Convert Base64 Speech to Text Action

Converts Base64-encoded audio captured from a microphone to text using AI-powered speech recognition.

This action is available in API version 66.0 and later.

Supported REST HTTP Methods

URI: /services/data/v66.0/actions/standard/voiceToText

Formats: JSON, XML

HTTP Methods: POST

Authentication: Authorization: Bearer token

Inputs

Input Type Description
voiceContent string Required. Base64-encoded audio content captured from a microphone.
transcriptionModel string Optional. The transcription model used to convert speech to text. Valid values are whisper-v3-turbo and elevenlabs-scribe-v2. If you don't specify a value, whisper-v3-turbo is used.

Outputs

Output Type Description
convertedText The transcribed text generated from the provided audio input.

Usage

Sample Input

This sample converts Base64-encoded microphone audio to text using the Convert Base64 Speech to Text action.
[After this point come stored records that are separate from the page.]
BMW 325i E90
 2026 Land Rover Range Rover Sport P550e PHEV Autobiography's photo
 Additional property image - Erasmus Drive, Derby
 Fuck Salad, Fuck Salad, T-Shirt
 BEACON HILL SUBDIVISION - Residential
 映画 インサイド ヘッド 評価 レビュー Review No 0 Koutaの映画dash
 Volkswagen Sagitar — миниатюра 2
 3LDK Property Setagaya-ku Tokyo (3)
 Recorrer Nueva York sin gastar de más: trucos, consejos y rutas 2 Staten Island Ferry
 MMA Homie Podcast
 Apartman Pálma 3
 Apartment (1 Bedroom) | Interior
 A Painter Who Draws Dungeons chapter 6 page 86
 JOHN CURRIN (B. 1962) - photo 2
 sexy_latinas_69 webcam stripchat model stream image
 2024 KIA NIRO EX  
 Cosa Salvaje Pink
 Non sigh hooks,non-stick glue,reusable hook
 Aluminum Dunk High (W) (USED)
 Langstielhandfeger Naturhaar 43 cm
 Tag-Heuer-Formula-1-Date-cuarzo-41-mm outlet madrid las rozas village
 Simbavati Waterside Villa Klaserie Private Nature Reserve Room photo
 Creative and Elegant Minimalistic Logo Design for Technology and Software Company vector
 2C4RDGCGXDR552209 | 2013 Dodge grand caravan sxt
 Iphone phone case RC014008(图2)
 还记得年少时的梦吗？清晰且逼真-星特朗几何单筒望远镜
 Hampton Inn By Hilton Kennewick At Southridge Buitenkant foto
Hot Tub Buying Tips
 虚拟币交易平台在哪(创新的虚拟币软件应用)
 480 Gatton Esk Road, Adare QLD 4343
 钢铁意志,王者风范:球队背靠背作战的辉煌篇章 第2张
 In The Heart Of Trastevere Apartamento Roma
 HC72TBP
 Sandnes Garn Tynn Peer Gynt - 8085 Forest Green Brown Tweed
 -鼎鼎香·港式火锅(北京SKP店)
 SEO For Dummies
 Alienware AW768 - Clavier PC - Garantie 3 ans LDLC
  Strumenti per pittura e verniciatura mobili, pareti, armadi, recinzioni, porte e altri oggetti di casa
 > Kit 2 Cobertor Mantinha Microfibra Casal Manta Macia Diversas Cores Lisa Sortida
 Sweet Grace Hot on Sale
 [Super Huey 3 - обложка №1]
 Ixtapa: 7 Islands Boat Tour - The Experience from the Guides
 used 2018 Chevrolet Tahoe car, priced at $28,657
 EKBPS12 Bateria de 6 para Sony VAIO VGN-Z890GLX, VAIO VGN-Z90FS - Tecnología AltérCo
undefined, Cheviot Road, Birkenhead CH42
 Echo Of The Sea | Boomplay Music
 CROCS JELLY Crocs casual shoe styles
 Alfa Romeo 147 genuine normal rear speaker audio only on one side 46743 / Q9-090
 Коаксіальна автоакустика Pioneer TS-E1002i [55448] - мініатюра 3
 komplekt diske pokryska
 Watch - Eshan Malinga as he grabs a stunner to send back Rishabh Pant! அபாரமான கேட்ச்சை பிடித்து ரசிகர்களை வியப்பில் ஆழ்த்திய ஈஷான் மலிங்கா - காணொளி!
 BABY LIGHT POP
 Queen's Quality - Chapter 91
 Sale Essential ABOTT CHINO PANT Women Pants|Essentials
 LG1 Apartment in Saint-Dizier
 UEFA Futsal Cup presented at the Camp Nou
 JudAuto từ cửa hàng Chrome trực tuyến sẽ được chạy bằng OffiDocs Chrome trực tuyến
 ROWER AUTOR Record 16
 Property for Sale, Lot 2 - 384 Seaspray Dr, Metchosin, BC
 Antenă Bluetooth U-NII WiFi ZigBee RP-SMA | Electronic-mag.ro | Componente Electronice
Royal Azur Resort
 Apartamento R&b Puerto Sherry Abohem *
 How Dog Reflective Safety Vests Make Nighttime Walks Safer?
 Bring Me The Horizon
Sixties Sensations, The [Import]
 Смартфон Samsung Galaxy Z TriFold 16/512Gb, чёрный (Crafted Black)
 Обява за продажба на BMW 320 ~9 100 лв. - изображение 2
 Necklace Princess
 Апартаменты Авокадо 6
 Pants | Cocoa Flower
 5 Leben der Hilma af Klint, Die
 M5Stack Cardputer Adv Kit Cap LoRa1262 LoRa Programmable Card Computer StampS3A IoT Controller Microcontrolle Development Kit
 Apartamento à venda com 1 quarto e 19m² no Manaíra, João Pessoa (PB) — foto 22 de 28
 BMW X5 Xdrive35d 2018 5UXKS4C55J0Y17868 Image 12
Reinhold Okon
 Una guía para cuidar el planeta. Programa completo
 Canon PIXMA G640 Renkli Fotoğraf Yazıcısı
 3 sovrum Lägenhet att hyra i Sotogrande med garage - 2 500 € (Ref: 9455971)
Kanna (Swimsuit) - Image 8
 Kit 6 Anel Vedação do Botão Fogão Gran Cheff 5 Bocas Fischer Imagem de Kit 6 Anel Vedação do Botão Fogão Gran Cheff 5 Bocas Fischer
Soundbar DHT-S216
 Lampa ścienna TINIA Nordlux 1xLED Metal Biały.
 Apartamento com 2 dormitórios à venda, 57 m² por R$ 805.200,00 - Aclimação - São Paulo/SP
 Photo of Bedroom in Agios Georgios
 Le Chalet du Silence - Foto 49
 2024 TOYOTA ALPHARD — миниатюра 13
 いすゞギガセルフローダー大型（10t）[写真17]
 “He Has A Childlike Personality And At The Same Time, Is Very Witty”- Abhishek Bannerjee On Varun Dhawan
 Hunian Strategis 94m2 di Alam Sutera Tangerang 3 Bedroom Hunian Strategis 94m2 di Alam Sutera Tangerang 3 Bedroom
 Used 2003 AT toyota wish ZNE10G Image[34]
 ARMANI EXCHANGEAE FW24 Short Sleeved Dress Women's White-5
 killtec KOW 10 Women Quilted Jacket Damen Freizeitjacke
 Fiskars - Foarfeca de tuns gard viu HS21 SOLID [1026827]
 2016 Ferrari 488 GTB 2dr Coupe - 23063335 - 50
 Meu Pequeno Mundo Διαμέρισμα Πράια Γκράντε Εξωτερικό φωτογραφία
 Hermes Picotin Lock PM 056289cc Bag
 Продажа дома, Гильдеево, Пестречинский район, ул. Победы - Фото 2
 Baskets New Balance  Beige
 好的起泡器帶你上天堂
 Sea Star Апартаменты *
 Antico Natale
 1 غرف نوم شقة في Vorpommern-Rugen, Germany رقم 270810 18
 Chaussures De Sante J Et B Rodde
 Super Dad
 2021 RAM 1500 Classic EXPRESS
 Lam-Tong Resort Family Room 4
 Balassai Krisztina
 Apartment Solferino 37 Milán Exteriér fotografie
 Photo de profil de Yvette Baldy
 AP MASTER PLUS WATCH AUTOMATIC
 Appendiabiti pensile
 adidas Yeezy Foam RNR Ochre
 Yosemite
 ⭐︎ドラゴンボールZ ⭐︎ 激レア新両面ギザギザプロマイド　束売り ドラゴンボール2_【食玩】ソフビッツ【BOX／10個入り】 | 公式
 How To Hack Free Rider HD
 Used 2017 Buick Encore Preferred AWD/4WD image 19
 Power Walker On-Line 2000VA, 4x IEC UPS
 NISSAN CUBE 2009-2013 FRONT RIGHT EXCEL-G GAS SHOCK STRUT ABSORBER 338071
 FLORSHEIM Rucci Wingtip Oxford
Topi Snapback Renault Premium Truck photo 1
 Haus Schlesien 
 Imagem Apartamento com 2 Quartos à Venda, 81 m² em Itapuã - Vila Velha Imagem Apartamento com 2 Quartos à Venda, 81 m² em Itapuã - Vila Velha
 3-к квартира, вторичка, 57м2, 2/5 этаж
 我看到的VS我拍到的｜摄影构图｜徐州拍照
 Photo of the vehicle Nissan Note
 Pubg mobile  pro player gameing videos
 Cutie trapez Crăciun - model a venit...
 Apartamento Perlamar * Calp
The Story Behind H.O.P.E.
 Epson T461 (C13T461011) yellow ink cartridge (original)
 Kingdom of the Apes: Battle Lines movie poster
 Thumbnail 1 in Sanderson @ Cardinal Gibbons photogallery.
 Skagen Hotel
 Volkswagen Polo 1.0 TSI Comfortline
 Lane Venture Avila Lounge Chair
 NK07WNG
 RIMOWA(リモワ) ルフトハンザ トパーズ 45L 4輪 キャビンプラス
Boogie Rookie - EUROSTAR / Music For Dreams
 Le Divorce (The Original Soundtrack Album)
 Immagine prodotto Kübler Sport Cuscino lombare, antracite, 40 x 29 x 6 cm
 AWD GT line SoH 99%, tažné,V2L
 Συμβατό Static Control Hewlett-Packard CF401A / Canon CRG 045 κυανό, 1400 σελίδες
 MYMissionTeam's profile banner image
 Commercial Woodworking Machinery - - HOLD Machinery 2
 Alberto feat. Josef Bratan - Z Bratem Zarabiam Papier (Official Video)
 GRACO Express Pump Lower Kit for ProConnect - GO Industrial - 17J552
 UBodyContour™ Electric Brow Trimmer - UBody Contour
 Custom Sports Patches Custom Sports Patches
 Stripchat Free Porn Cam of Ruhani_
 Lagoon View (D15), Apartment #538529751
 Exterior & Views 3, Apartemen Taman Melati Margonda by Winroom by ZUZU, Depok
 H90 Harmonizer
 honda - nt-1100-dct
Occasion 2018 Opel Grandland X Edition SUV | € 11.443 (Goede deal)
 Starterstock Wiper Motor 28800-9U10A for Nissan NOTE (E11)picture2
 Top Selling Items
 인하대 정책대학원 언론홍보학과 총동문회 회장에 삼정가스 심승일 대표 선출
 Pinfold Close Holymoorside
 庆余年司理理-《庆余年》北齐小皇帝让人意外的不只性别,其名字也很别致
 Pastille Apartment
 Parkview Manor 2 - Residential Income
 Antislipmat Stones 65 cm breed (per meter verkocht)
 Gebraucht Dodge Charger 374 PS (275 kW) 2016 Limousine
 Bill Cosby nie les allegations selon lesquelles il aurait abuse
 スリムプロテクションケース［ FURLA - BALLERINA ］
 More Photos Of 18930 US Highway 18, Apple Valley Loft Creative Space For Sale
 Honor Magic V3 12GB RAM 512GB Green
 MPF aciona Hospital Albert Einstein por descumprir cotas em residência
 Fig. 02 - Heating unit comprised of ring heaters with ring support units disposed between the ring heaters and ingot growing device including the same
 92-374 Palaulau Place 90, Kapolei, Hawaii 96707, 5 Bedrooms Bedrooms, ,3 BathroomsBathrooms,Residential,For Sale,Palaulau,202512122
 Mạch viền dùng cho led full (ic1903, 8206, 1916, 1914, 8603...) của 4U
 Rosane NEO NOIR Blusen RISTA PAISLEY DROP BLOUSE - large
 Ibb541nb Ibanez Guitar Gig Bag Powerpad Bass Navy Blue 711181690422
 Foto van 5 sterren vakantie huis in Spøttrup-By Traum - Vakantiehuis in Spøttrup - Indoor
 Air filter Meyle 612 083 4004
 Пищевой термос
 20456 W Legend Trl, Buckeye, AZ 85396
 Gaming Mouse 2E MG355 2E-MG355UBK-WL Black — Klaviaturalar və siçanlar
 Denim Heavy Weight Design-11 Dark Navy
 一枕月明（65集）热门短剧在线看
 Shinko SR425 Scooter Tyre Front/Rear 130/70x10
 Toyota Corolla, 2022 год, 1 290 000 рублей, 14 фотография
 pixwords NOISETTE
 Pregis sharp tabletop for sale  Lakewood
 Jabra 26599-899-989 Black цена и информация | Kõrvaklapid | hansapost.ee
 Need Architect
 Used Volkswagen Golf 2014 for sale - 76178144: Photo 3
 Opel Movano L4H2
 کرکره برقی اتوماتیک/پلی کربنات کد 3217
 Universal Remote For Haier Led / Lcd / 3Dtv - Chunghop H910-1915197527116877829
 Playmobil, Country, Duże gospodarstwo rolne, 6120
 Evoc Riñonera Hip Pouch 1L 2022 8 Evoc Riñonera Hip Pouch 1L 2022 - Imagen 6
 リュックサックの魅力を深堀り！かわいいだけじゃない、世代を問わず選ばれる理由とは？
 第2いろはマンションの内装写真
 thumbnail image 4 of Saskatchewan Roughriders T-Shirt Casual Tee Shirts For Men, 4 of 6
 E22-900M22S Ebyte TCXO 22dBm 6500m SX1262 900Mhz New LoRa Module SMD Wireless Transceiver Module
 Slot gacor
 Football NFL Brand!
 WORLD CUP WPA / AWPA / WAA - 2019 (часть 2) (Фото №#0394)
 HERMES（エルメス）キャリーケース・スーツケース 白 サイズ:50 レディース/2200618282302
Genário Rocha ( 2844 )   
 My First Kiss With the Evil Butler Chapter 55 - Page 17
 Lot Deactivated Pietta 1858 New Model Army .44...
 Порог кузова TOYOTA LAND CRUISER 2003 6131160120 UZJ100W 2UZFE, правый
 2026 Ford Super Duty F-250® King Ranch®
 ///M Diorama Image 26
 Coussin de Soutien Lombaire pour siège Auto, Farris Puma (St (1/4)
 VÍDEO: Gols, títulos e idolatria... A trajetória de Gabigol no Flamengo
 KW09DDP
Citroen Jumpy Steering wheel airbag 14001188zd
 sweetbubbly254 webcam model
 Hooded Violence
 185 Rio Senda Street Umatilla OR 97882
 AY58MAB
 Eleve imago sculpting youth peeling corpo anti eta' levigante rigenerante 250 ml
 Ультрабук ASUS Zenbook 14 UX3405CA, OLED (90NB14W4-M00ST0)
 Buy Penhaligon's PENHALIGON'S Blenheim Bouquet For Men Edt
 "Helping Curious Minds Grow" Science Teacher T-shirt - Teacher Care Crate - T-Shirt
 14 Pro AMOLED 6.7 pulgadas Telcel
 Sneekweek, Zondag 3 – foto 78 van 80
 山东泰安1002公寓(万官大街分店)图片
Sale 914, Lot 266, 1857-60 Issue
It sets transcriptionModel to elevenlabs-scribe-v2. You can also use whisper-v3-turbo, which is the default if the value isn't specified.

1{
2  "inputs": [
3    {
4      "voiceContent": "UklGRiQAAABXQVZFZm10IBAAAAABAAEA...",
5      "transcriptionModel": "elevenlabs-scribe-v2"
6    }
7  ]
8}

Sample Output

This sample shows the transcribed text returned by the Speech to Text microphone capture action for the provided Base64-encoded audio input.

1{
2  "outputs": [
3    {
4      "convertedText": "Please create a support case for my login issue."
5    }
6  ]
7}